O conto de Miguel Carqueija – outro dos grandes nomes da fc nacional, surgido na chamada “segunda onda” do gênero no Brasil – apareceu originalmente no famoso fanzine Somnium, no final do anos 1980, compondo um cenário possível para o País no início do século 21, com, bastante ironia. Nesse futuro imaginado, tornou-se comum o assassinato de figuras políticas, com a população cansada de esperar que os políticos resolvessem os problemas da nação como deveriam, sem se envolver em escândalos atrás de escândalos.

Fernando Bonassi talvez seja mais conhecido como o autor dos roteiros dos filmes Lula, o Filho do Brasil e Carandiru, entre outros, mas também tem participação ativa no gênero. Aqui ele apresenta “A Evolução dos Homens Sem Pernas”, publicado originalmente numa antologia francesa, em 2009. Trabalha, com muita ironia e sarcasmo, com a possibilidade de mutações ocorrerem nos humanos a partir da evolução de algumas tecnologias, utilizadas sem qualquer controle. Interessante, também, que o conto é narrado no passado, dando um certo tom de conto de fadas.

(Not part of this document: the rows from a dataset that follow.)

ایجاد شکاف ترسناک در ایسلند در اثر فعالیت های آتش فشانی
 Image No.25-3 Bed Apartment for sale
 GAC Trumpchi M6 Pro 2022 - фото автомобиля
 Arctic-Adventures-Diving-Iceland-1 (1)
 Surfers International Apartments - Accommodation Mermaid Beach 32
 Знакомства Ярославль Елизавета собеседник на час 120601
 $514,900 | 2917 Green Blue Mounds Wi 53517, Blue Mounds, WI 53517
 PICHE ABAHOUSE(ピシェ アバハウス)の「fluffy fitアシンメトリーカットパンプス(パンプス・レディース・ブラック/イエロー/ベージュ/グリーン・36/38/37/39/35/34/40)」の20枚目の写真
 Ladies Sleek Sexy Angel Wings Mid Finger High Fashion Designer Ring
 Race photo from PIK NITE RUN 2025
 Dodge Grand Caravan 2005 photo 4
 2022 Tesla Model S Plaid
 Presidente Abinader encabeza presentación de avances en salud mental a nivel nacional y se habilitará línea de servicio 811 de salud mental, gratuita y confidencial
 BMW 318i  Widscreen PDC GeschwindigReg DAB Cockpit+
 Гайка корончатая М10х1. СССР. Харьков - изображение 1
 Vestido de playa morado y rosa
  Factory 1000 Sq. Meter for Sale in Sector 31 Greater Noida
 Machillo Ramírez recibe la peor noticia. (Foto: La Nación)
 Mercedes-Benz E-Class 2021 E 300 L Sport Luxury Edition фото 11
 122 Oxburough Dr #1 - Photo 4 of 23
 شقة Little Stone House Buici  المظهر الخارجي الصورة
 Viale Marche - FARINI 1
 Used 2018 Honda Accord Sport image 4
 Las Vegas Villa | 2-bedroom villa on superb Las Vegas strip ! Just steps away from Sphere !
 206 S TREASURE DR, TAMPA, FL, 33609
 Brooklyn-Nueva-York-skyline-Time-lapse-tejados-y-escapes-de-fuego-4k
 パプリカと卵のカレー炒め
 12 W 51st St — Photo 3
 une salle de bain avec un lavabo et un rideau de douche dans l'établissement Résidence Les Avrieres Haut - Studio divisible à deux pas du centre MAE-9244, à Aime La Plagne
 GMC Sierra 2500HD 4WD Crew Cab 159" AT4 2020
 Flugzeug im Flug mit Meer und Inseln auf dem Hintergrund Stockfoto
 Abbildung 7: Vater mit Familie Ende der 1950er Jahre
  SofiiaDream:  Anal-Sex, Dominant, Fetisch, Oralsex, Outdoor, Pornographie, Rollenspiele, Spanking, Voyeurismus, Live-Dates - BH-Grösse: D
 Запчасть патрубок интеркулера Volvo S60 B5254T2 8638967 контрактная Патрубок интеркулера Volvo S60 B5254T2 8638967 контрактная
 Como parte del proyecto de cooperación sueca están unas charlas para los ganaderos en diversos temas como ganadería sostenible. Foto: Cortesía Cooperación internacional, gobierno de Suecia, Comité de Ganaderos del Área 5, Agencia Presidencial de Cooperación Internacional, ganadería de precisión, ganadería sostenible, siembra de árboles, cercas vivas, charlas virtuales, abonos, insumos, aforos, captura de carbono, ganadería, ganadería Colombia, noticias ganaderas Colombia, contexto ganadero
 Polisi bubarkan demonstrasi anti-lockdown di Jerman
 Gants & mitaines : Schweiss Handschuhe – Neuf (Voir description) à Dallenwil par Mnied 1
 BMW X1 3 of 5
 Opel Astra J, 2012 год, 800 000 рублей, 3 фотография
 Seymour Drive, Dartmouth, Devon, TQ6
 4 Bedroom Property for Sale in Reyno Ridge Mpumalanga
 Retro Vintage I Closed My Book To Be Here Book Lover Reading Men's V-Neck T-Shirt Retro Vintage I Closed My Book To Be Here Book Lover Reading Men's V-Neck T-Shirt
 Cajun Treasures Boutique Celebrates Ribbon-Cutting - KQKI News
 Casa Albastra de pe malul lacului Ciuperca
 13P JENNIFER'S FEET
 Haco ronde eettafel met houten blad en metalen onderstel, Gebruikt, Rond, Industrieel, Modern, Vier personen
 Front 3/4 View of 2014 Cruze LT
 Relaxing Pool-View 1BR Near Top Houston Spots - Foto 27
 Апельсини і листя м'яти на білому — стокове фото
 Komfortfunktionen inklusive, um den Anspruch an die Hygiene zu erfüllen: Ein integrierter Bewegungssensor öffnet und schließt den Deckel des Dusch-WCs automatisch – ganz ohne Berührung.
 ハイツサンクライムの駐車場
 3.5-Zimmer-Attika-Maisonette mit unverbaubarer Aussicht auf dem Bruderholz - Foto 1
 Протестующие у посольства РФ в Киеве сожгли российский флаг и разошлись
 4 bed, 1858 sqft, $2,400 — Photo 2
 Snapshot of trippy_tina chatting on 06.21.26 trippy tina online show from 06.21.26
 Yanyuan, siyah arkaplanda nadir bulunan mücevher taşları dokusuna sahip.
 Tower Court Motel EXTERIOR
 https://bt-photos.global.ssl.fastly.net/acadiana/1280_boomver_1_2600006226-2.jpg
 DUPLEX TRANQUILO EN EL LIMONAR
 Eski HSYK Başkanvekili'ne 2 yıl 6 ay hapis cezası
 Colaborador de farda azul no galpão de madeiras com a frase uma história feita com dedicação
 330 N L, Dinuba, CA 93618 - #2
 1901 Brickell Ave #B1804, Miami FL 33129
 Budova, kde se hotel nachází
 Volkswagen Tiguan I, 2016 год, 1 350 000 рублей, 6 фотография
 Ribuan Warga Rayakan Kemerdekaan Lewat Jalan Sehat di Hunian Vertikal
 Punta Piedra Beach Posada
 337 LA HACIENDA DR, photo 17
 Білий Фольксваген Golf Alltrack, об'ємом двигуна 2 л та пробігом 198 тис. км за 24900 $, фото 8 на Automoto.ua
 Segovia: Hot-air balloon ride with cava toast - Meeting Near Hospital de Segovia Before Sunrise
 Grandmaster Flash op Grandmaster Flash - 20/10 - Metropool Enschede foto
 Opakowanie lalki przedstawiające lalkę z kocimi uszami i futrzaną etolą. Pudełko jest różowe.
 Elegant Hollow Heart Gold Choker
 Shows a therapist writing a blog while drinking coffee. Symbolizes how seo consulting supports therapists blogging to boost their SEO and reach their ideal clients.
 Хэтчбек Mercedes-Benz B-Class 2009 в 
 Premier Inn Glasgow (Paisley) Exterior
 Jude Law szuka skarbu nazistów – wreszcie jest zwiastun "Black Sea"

Em “A Pedra que Canta”, vemos novamente Henrique Flory, que surgiu na fc nacional nos final dos anos 1980, com obras sensacionais que chamaram a atenção da crítica, antes de interromper sua produção do gênero e se dedicar a outras atividades profissionais. O conto foi publicado originalmente numa coletânea com o mesmo titulo, em 1991, e aqui ele traz uma nova versão da história de um conflito que se intensifica entre Brasil e Argentina, no ano de 2018. É uma boa oportunidade para quem ainda não conhece a obra do autor.

A excepcional escritora Ursula K. Le Guin tem publicado seu conto “O Dia Antes da Revolução”, escrito com sua capacidade habitual, mas que deverá ser melhor entendido por aqueles que conhecem seu livro Os Despossuídos (1974), uma vez que traz personagens e eventos que antecederam a história narrada na obra, que apresenta uma sociedade anarquista “quase” perfeita. O conto segue as lembranças íntimas de Laia Odo, a principal líder da revolução anarquista que mobiliza o planeta Urrás, momentos antes da rebelião se alastrar.

“O Grande Rio”, de Flávio Medeiros Jr., é uma excelente história de viagens no tempo, com ação iniciando-se num momento futuro de uma Terra alternativa, na qual o presidente John F. Kennedy não foi assassinado. Isso provocou uma alteração significativa no planeta, e para pior, de modo que um viajante tenta reverter a situação viajando no passado, mas encontrando inúmeras dificuldades.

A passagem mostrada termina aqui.